Table of Contents
Pakistan’s parliament picked Shehbaz Sharif as the country’s new prime minister, just days after his predecessor Imran Khan was ousted in a no-confidence vote.
Aamir Qureshi | AFP | Getty Images
Pakistan has a new prime minister — and this could augur well for the South Asian country’s return to a healthier economy and its relations with its traditional supporter, the U.S., as well as its rival, India.
On Monday, Pakistan’s parliament picked Shehbaz Sharif as the country’s new prime minister, just days after his predecessor Imran Khan was ousted in a no-confidence vote.
In what one observer called the “affirmation of democracy,” the move was by no means inevitable in a country where no prime minister has served a full term in office.
Surprising observers, the all-powerful Pakistan army, which has ruled the country for decades by staging coups, stayed in the barracks.
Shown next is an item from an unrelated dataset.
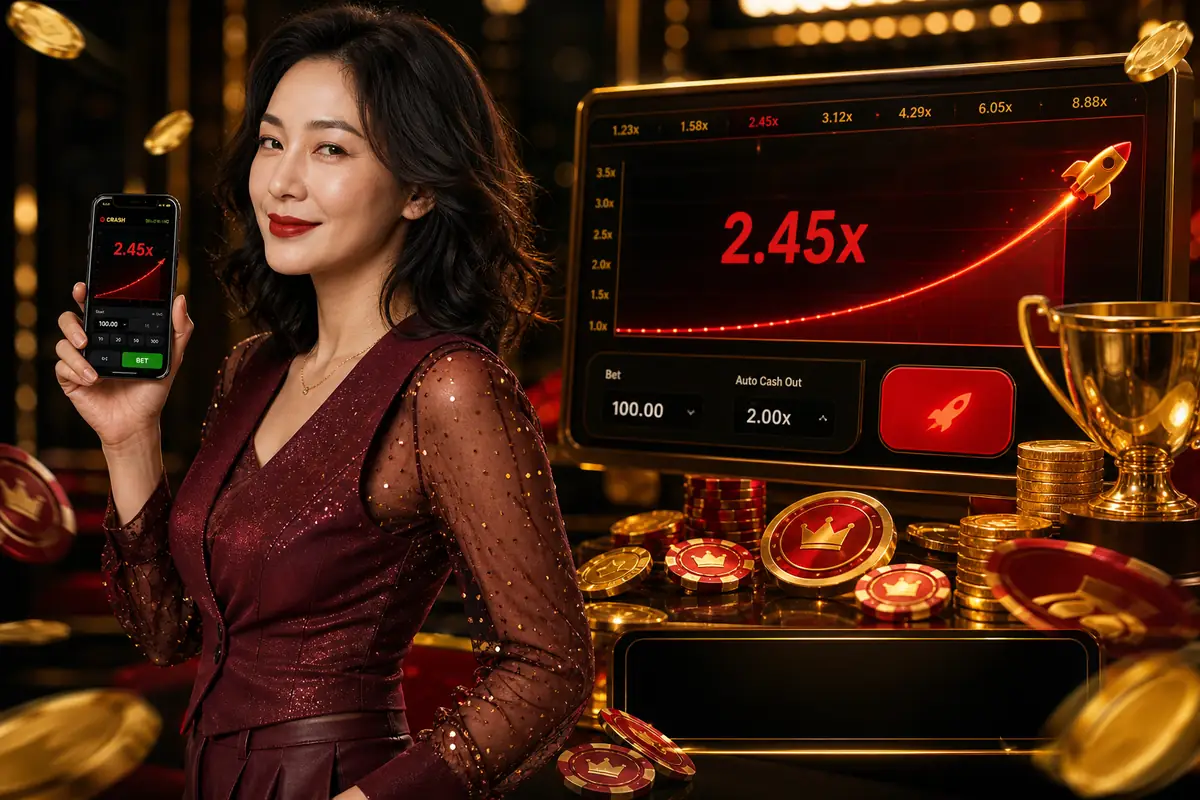 777adc welcome bonus offer new members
A decisive intervention by the judiciary was the next surprise. The Pakistan Supreme Court ruled that the government of Imran Khan had to face a no-confidence vote that it had tried to block. Khan eventually lost the re-scheduled trust vote in the early hours of Sunday and was removed from office.
In his first speech, the 70-year-old Sharif said he intended to refashion Pakistan as a “paradise” for investments, while also announcing an increase in the minimum wage.
Sharif’s path ahead is not easy, Iqbal Singh Sevea, the director of the Institute of South Asian Studies at the National University of Singapore, told CNBC.
“He has inherited an economy rattled by a current account deficit and inflation. He will need to increase the state’s capacity to accrue revenue through taxation and increase in investment, especially in the export sector,” said the associate professor.
Pakistan is on its 23rd bailout from the IMF. The country’s economy is under pressure from rising inflation, at over 10% this year, amid spiraling prices of crude oil and other commodities after the war in Ukraine.
“Under his watch, Pakistan is likely to negotiate another loan with the IMF and will need to commit to structural reforms and generate more tax revenue,” Sevea said. “The task is all the more difficult given that he will need to do this without seeming to be cutting subsidies and going against welfare policies.”
Sharif is a known figure internationally, according to James Schwemlein, a senior director at the Washington-based Albright Stonebridge Group, who pointed to his reputation as a capable administrator.
“Shehbaz Sharif ran Pakistan’s largest province, Punjab. He did so largely developing a very positive effect with business. He was responsible for significant infrastructure investment. He’s well known to all of the international interlocutors — whether they be American or Chinese,” he said.
India: Improved relations?
India, in particular, will be paying attention to the new administration.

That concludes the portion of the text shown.